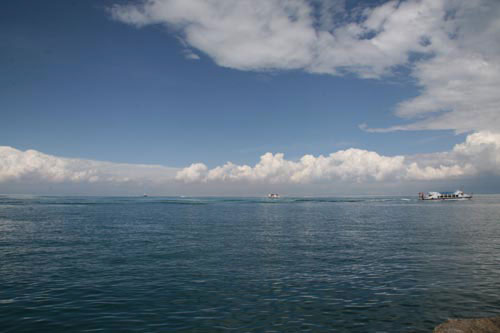 Qinghai Lake, the largest saline lake in inland China, is seen in this photo taken on August 1. 2009. The beautiful blue lake stretches as far as the eye can see. [Photo: CRIENGLISH.com/Hu Weiwei]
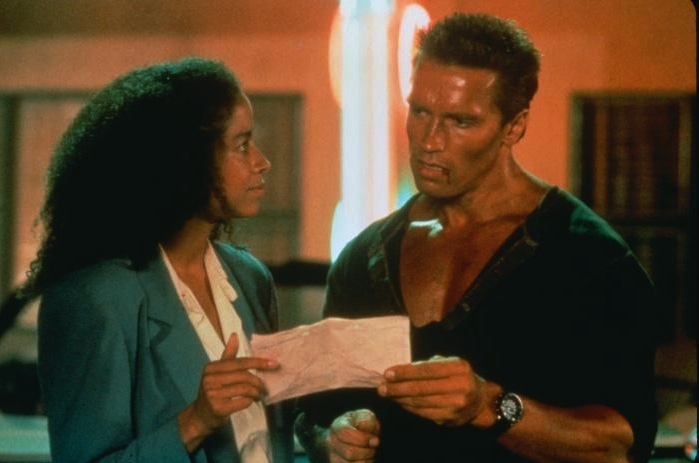Still of Arnold Schwarzenegger and Rae Dawn Chong in Komando (1985)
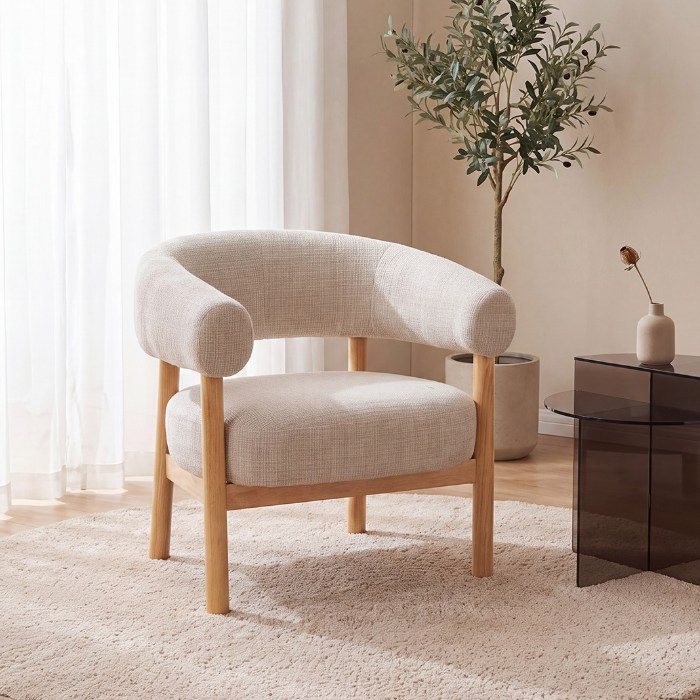 Fauteuil met armleuning Aaron in crème met licht houten frame in een woonkamer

▶ **TASK PROMPT**
The data above should be set down again exactly, with the pictures omitted.

▶ **ANSWER AREA**
 Qinghai Lake, the largest saline lake in inland China, is seen in this photo taken on August 1. 2009. The beautiful blue lake stretches as far as the eye can see. [Photo: CRIENGLISH.com/Hu Weiwei]
Still of Arnold Schwarzenegger and Rae Dawn Chong in Komando (1985)
 Fauteuil met armleuning Aaron in crème met licht houten frame in een woonkamer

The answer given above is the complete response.